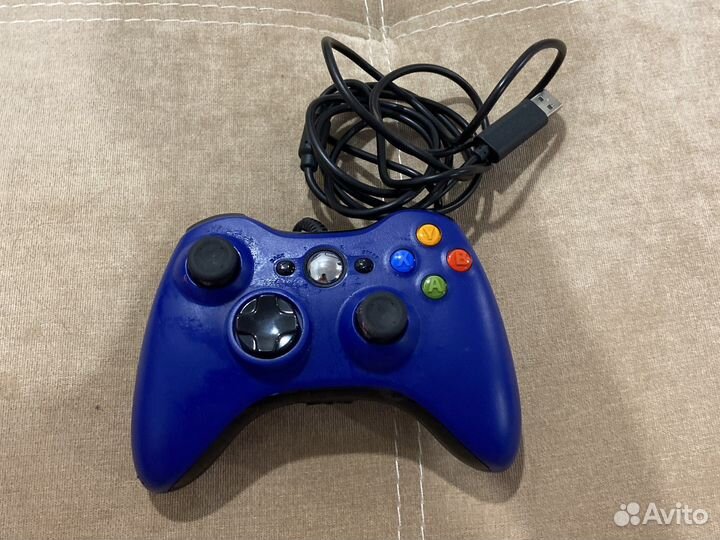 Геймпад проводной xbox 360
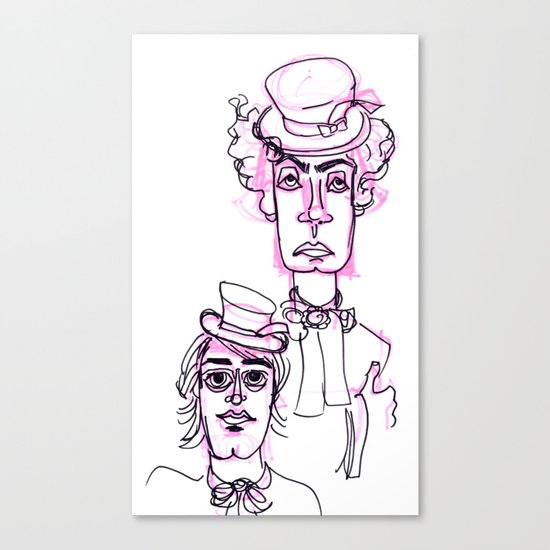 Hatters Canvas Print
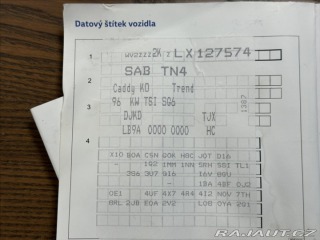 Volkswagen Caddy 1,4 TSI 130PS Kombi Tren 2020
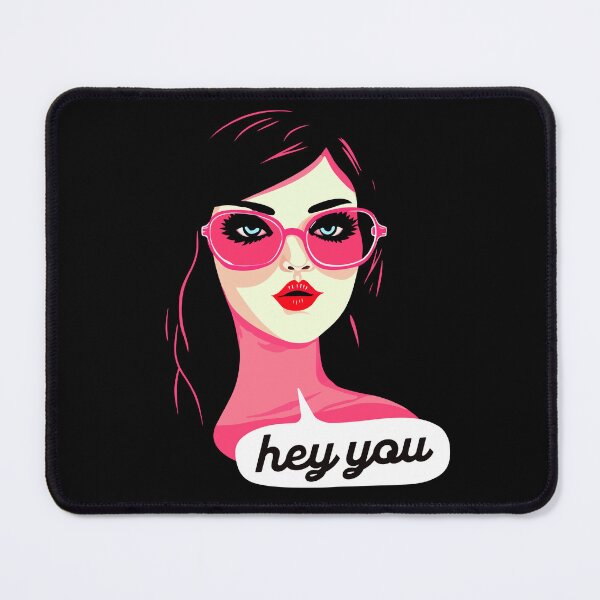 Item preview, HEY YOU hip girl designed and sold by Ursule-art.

_Problem statement_:
Exactly as written, return every line of the listing, but not the pictures.

_Task output_:
 Геймпад проводной xbox 360
 Hatters Canvas Print
 Volkswagen Caddy 1,4 TSI 130PS Kombi Tren 2020
 Item preview, HEY YOU hip girl designed and sold by Ursule-art.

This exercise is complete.